▶ _Aim of the task_
Write out, word for word, the first line of the data below and every line after it through the one containing "S/S Black S,M,L,XL,2XL,3XL,4XL,5XL".

[Brief descriptive captions]
########

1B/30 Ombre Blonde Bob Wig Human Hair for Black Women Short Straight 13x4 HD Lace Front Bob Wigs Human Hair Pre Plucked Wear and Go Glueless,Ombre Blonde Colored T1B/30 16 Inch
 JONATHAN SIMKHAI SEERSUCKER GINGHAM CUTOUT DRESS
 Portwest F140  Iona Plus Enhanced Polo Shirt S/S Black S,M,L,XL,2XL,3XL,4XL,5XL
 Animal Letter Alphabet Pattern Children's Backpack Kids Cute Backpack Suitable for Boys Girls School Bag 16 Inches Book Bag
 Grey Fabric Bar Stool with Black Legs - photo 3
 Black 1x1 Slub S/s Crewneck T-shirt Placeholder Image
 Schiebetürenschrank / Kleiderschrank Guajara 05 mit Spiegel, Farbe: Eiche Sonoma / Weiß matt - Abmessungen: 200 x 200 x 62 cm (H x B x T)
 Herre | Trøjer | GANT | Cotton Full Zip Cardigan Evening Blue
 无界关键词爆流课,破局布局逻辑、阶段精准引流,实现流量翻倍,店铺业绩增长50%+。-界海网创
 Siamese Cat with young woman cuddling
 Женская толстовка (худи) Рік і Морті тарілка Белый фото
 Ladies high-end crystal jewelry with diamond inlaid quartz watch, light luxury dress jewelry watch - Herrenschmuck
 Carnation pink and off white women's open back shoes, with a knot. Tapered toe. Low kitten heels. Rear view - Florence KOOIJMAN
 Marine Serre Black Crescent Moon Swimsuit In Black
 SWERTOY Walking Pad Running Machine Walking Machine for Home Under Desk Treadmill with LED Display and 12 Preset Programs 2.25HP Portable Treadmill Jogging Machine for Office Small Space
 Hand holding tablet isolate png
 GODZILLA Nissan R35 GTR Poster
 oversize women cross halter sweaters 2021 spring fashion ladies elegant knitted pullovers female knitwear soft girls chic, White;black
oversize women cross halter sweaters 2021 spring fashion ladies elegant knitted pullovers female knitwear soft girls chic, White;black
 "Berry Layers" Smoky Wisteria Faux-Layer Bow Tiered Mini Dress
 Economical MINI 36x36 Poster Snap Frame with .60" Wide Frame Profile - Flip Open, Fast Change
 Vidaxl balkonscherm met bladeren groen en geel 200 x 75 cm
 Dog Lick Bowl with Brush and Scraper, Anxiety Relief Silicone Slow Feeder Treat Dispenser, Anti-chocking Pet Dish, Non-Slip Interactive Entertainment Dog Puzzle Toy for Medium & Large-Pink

########

▶ _Worked solution_
1B/30 Ombre Blonde Bob Wig Human Hair for Black Women Short Straight 13x4 HD Lace Front Bob Wigs Human Hair Pre Plucked Wear and Go Glueless,Ombre Blonde Colored T1B/30 16 Inch
 JONATHAN SIMKHAI SEERSUCKER GINGHAM CUTOUT DRESS
 Portwest F140  Iona Plus Enhanced Polo Shirt S/S Black S,M,L,XL,2XL,3XL,4XL,5XL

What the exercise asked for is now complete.